*** Opening SUPPLIED DATA ***

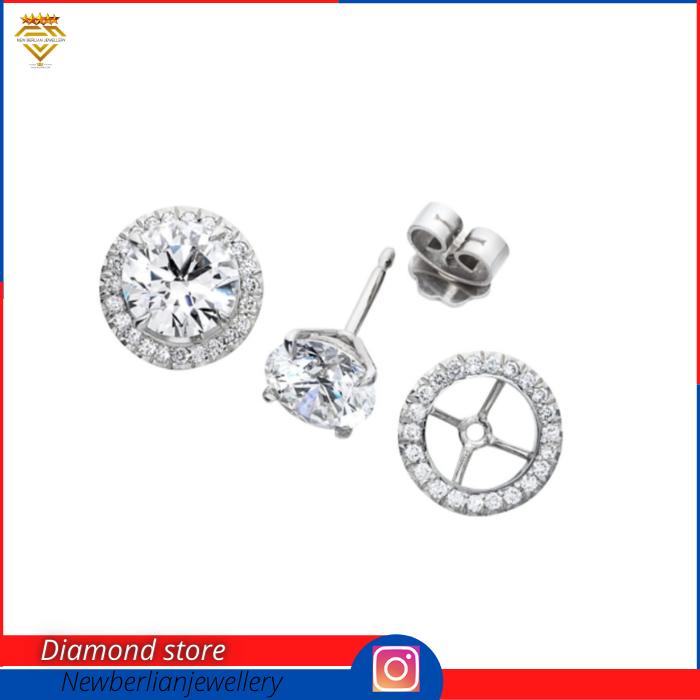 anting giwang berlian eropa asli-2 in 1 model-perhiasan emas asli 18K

*** Closing SUPPLIED DATA ***
*** Opening SUPPLIED DATA ***

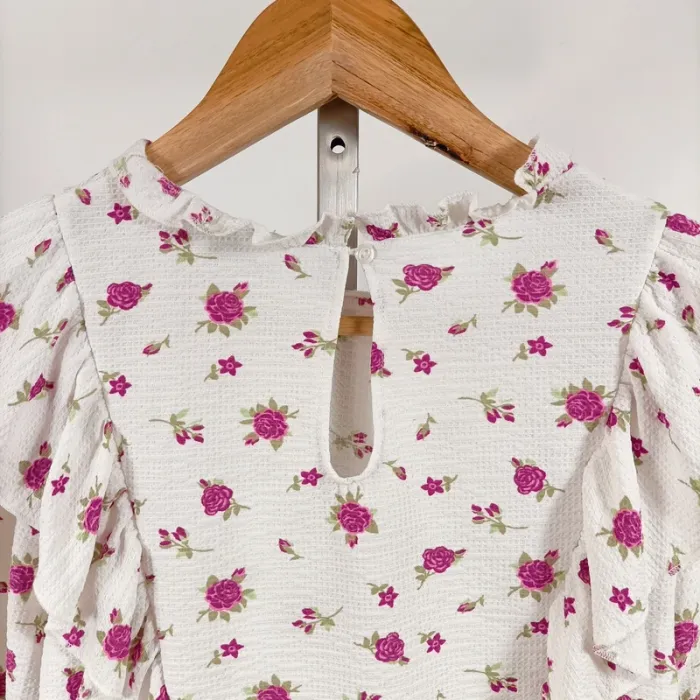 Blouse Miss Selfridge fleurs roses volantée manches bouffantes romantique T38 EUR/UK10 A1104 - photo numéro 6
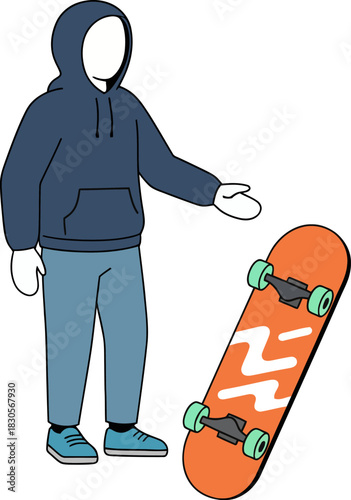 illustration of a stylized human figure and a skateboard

*** Closing SUPPLIED DATA ***

YOUR ASSIGNMENT: Go back to the lines above and output, exactly as they stand, the ones from the line containing "Blouse Miss Selfridge" to the line containing "illustration of a". Leave all pictures behind.

EXERCISE RESPONSE:
 Blouse Miss Selfridge fleurs roses volantée manches bouffantes romantique T38 EUR/UK10 A1104 - photo numéro 6
 illustration of a stylized human figure and a skateboard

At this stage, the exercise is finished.